When we started our family history research soon after we were married we were quite lucky with the Pearson side. Val’s grandmother, Martha Pearson (nee Ellwood) had lived with them in a granny flat for 12 years after her husband died, and so Val heard lots of stories about her youth and family in Whitehaven, and she left relics in the form of photos and newpaper cuttings with reports of births, marriages and deaths in the family, most of whom still lived in Whitehaven, Cumberland.

When we started our family history research we wrote to the Whitehaven News, and asked any members of the family who were interested to get in touch with us, and some did, including one of the family eccentrics, Anthony Hurton Pearson. Val’s mother told us that she and her sister had gone to the UK before the World War II, when they were teenagers, to visit the family, and they had been embarrassed by their cousin Tony Pearson, who was strange, and played fairies at the bottom of the garden.

Nevertheless, it was Tony Pearson who first told us about J.J. Pearson (we later found out that his full name was John Johnson Pearson). What he told us was a strange mixture of fact and fantasy. What we eventually found, from Tony Pearson and elsewhere, was the following:

J.J. Pearson was born in Whitehaven about 1850, the son of William Pearson and Sarah Johnson.

John Johnson Pearson was sometime editor of the India Herald and Karachi Beacon. He was the author of The exiles return to their lost inheritance (London, Stockwell, 1917), and was a British Israelite.

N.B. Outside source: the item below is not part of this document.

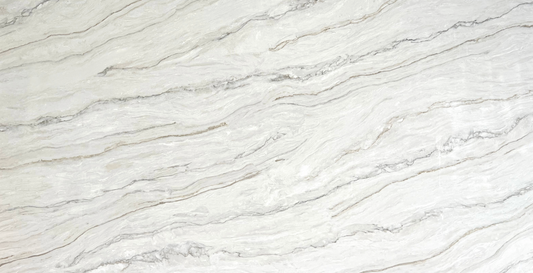 Elite Stone |Acqurella White |Prefab 9' x 2'| Polished Slab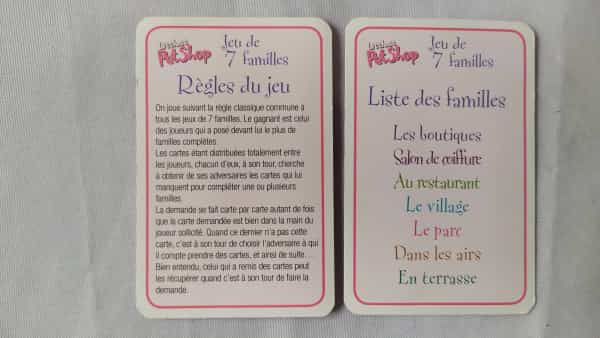 7 familles Petshop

He appears to have travelled widely through “the prophetic earth” (Palestine, Egypt, Syria and Mesopotamia).

According to Anthony Hurton Pearson he was an assayer who went to India (probably true), and the first to completely neutralise the by-products of the gas-making process at his Broughton Plant (doubtful), and was also known as Basil Gotto (more doubtful). He married a harem of Sikh ladies (even more doubtful), and  Joseph Stalin was his son by one of them (almost certainly fantasy), and that he later lived in Paris lecturing at the Sorbonne (doubtful).

Another far more sensible member of the family was Ralph Pearson (another of Val’s mother’s cousins) who got quite excited about it when we wrote to him, and followed up many of the leads we had found. He established that J.J. Pearson was indeed the author of the books that Tony Pearson mentioned, and even managed to photocopy one and send it to us, and as we had guessed from the title, it was a British Israelite tract. He had some kind of training in chemisty, as an apothecary, or perhaps an assayer, but does not seem to have belonged to any of the professional bodies (Ralph Pearson tried to follow that up).

We’ve found no record that he ever married (apart from Tony Pearson’s tale of the Sikh ladies), or that he had any children (not even Stalin!). He may have lived in Paris for a while, but it is unlikely that he ever lectured at the Sorbonne. The trail goes dead after 1924, so he may have died then, or disappeared, in Paris or elsewhere.

Anyway, it would be interesting to know a little more about him. He certainly seems to have been one of the family eccentrics, and to have lived a fairly interesting life, which took him far from Whitehaven.